--- Data to process Enclosed Below ---

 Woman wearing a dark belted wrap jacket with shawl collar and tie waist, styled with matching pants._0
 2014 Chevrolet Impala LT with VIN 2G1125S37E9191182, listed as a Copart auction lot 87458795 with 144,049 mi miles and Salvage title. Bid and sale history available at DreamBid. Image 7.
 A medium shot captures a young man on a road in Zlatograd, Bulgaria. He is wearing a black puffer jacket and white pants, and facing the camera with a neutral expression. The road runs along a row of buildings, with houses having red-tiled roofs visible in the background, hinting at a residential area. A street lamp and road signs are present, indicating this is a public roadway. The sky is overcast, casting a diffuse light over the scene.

--- End of Enclosed Data to process ---
--- Data to process Enclosed Below ---

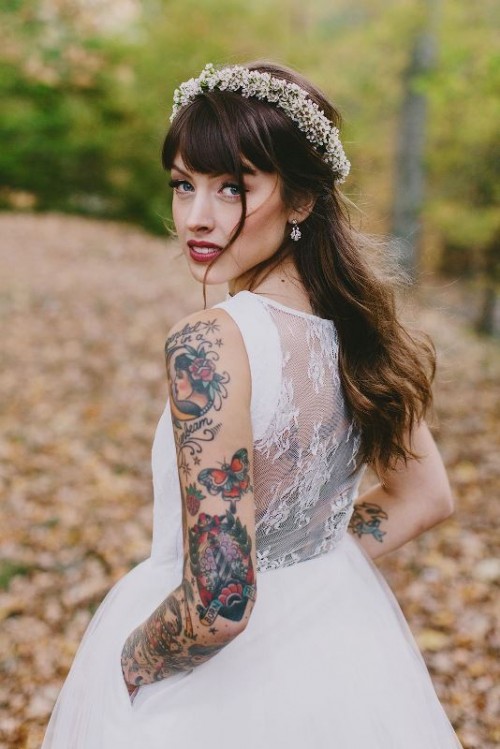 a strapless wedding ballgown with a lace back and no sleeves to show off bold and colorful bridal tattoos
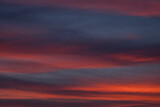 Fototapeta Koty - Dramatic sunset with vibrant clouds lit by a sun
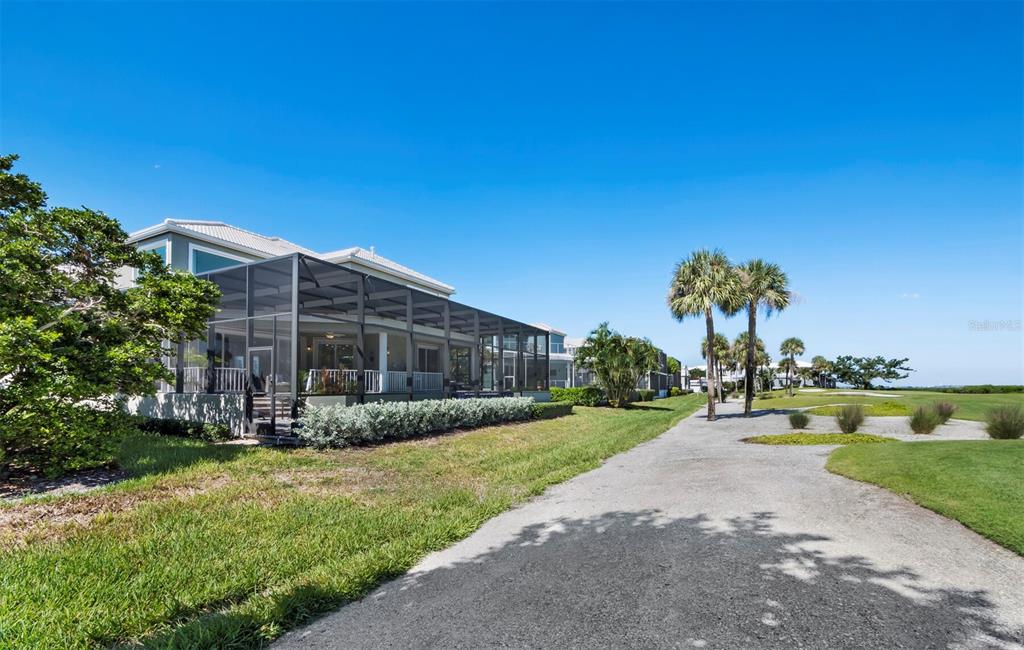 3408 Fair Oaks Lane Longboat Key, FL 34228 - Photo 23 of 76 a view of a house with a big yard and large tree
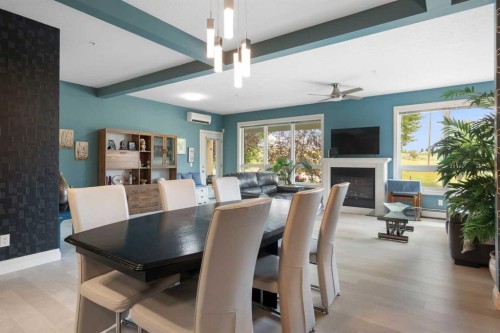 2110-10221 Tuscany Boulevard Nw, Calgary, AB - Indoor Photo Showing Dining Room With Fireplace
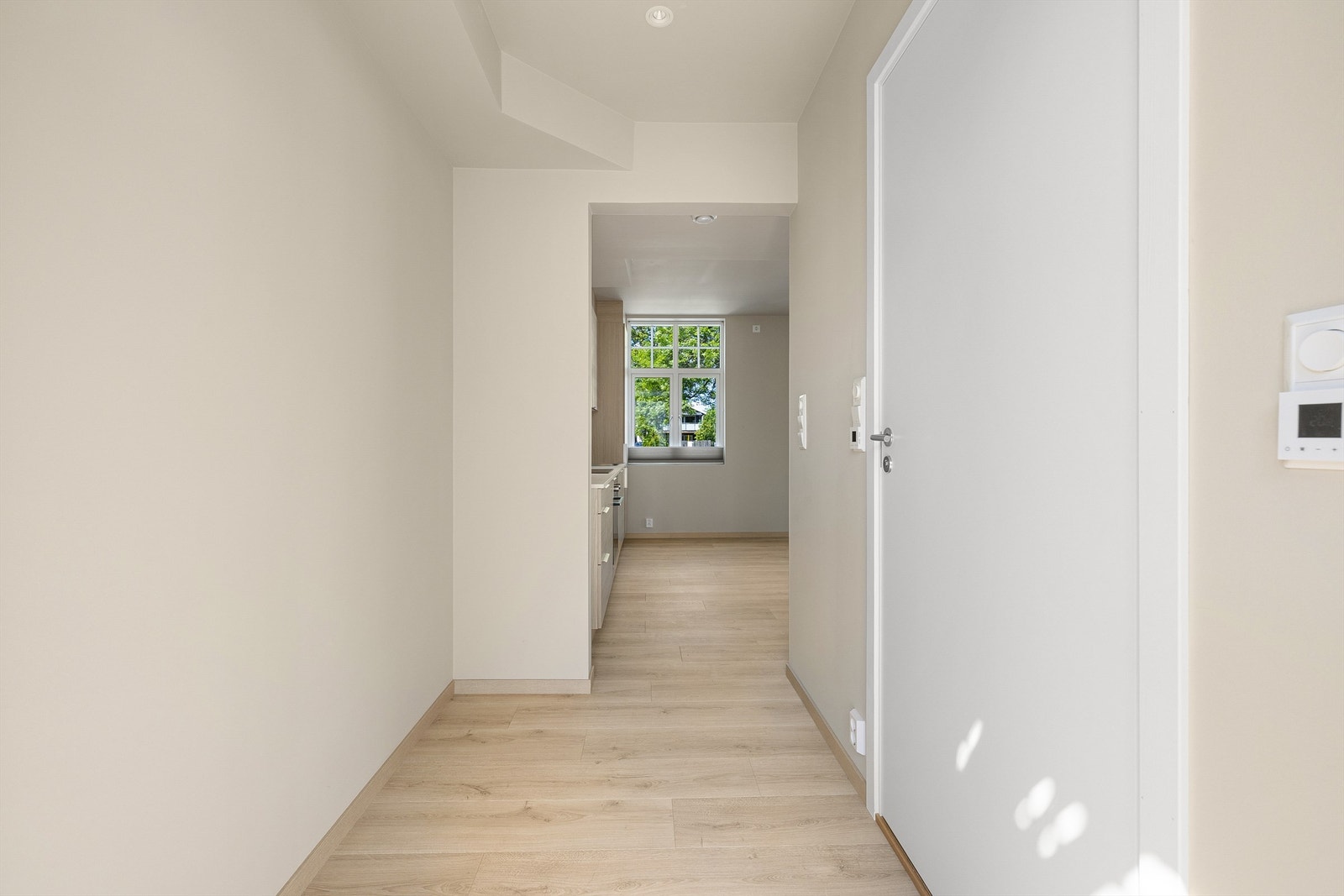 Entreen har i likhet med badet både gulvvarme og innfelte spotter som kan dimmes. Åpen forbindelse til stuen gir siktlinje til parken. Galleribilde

--- End of Enclosed Data to process ---

--- Work order ---
Your reply is to be an exact repeat of the listing above from the line holding "Fototapeta Koty - Dramatic" down to the line holding "Entreen har i", ends included, pictures excluded.

--- Exercise output ---
 Fototapeta Koty - Dramatic sunset with vibrant clouds lit by a sun
 3408 Fair Oaks Lane Longboat Key, FL 34228 - Photo 23 of 76 a view of a house with a big yard and large tree
 2110-10221 Tuscany Boulevard Nw, Calgary, AB - Indoor Photo Showing Dining Room With Fireplace
 Entreen har i likhet med badet både gulvvarme og innfelte spotter som kan dimmes. Åpen forbindelse til stuen gir siktlinje til parken. Galleribilde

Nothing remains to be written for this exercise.